Character is who you are when no one is looking.
#2 2006-02-28 17:32:13
- krassi_holmz
- Real Member
Offline
Re: Coordinate Geometry
21
IPBLE: Increasing Performance By Lowering Expectations.
#4 2006-02-28 19:17:05
- krassi_holmz
- Real Member
Offline
Re: Coordinate Geometry
That was easy. I solved it in Paint for~1min
IPBLE: Increasing Performance By Lowering Expectations.
#5 2006-03-01 15:17:19
- ganesh
- Moderator
Offline
Re: Coordinate Geometry
CG # 2
Find (x,y) if (3,2), (6,3), (x,y) and (6,5) are the vertices of a parellologram taken in order.
Character is who you are when no one is looking.
#6 2006-03-01 16:59:51
- krassi_holmz
- Real Member
Offline
Re: Coordinate Geometry
{3,4}?
IPBLE: Increasing Performance By Lowering Expectations.
#8 2006-03-02 02:37:59
- mathsyperson
- Moderator
Offline
Re: Coordinate Geometry
(9,6)?
Why did the vector cross the road?
It wanted to be normal.
#9 2006-03-02 02:46:38
- ganesh
- Moderator
Offline
Re: Coordinate Geometry
Correct, mathsyperson! 
Character is who you are when no one is looking.
#10 2006-03-02 03:00:29
- ganesh
- Moderator
Offline
Re: Coordinate Geometry
CG # 3
If 3x-2y+4=0 and ax+4y+3=0 are parallel lines, find the value of a.
Character is who you are when no one is looking.
#11 2006-03-02 05:17:02
- Patrick
- Real Member
-
Offline
Re: Coordinate Geometry
CG# 3
a = -6?
Last edited by Patrick (2006-03-02 05:17:20)
#12 2006-03-02 14:59:53
- ganesh
- Moderator
Offline
Re: Coordinate Geometry
You're correct, Patrick!

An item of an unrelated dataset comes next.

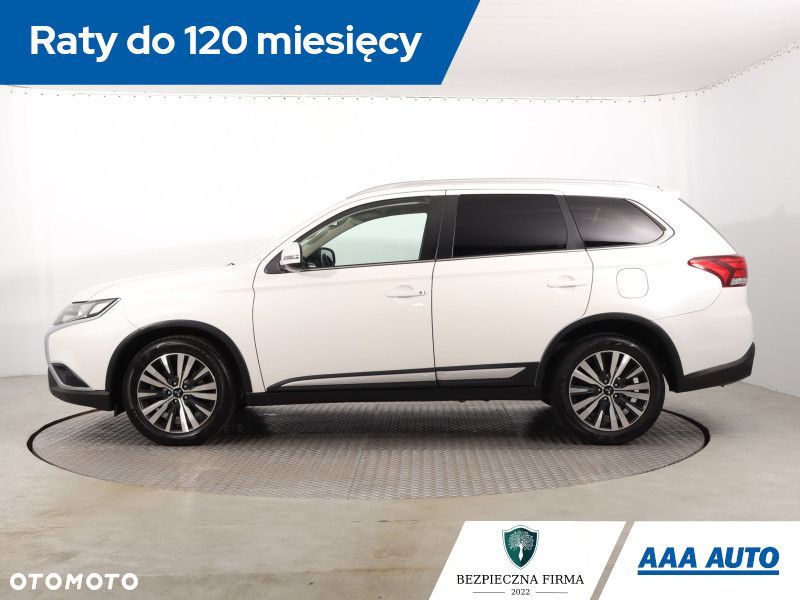 Mitsubishi Outlander - 3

Well done! 
Character is who you are when no one is looking.
#13 2006-03-02 15:13:04
- ganesh
- Moderator
Offline
Re: Coordinate Geometry
CG # 4
Find the equations of the lines which pass through the point (3,4) and make intercepts on the axes such that their sum is 14.
Character is who you are when no one is looking.
#15 2006-03-02 17:25:24
- ganesh
- Moderator
Offline
Re: Coordinate Geometry
They are the only equations for which the conditions work
Character is who you are when no one is looking.
#16 2006-03-03 16:39:04
- ganesh
- Moderator
Offline
Re: Coordinate Geometry
CG # 5
Find the equation of the perpendicular bisector of the line joining the points A(-1,2) and B(3,-4).

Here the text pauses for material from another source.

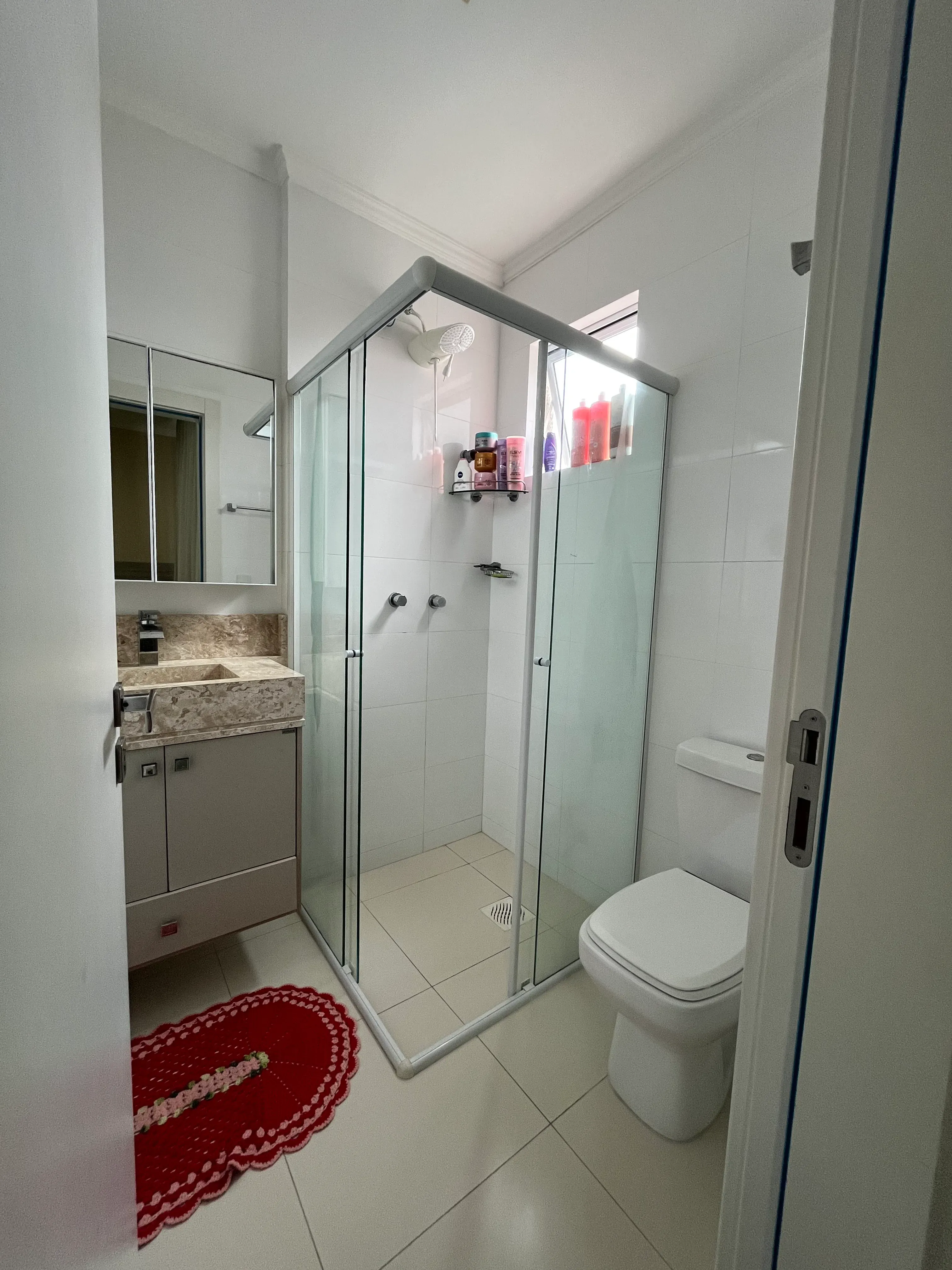 Apartamento com  3 Suítes e 2 vagas na garagem em Itapema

Character is who you are when no one is looking.
#18 2006-03-07 15:50:37
- ganesh
- Moderator
Offline
Re: Coordinate Geometry
Excellent, Dionysus! 
Character is who you are when no one is looking.
#19 2006-03-07 17:31:40
- ganesh
- Moderator
Offline
Re: Coordinate Geometry
CG # 6
Prove that the lines 3x-4y+5=0, 7x-8y+5=0 and 4x+5y=45 are concurrent.
Character is who you are when no one is looking.
#20 2006-03-09 19:02:03
- ganesh
- Moderator
Offline
Re: Coordinate Geometry
CG # 7
Show that the points (4, -4), (-4, 4), and (4√3, 4√3) are the vertices of an equilateral triangle.

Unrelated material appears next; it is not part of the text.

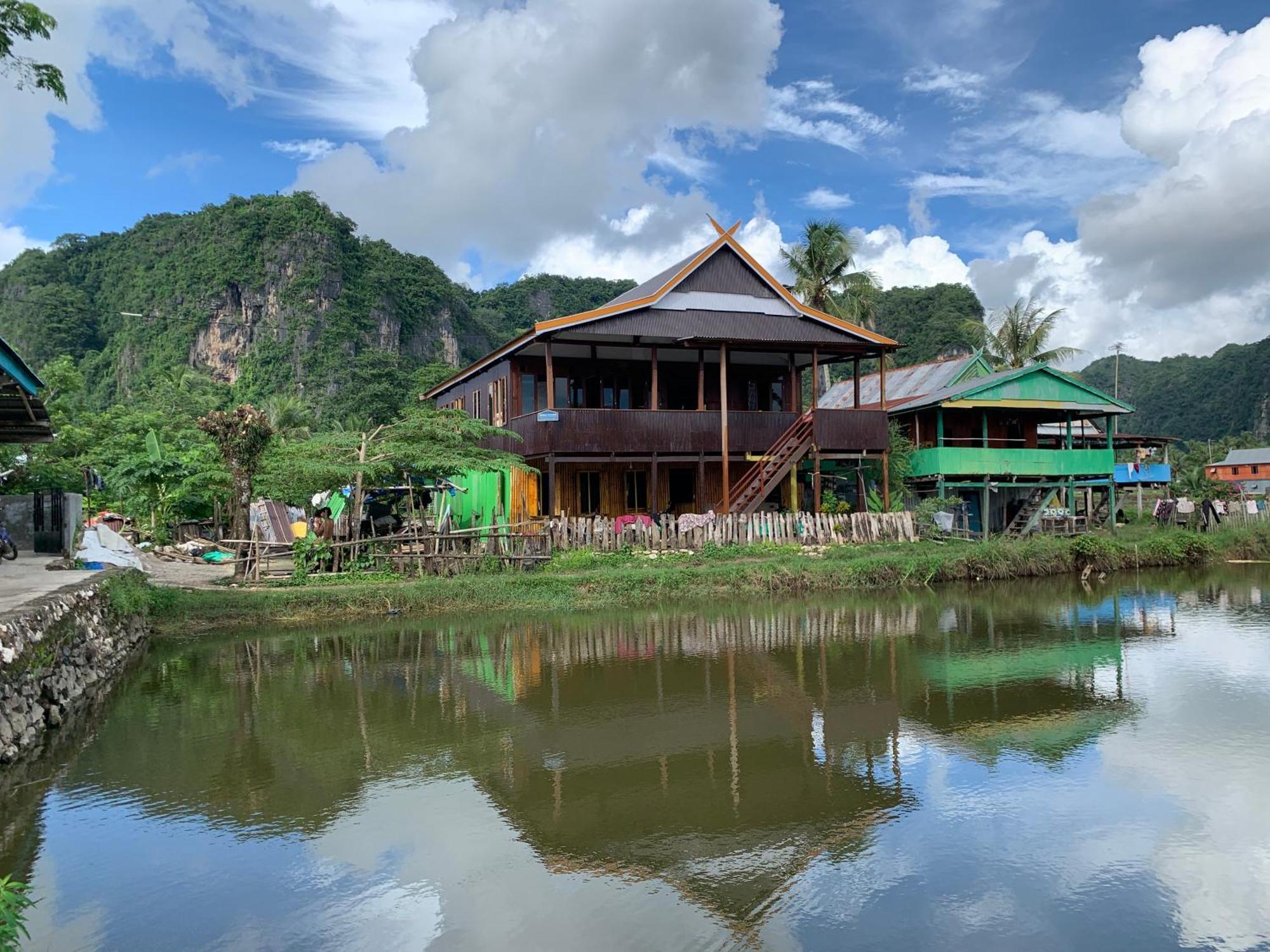 Nasrul House Homestay For Backpackers Maros Exterior foto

Character is who you are when no one is looking.
#23 2006-03-11 03:27:36
- ganesh
- Moderator
Offline
Re: Coordinate Geometry
CG # 8
Find the equation of the straight line making an angle 135° with the positive direction of x-axis and cutting an intercept 5 on the y-axis.
Character is who you are when no one is looking.
#24 2006-03-11 03:31:37
- mathsyperson
- Moderator
Offline
Re: Coordinate Geometry
tan 135° = -1, so that is the gradient of the line. We are told that the y-intercept is 5, so the equation is y = 5-x.
Why did the vector cross the road?
It wanted to be normal.
#25 2006-03-11 14:50:29
- ganesh
- Moderator
Offline
Re: Coordinate Geometry
Very good, mathsyperson!
Character is who you are when no one is looking.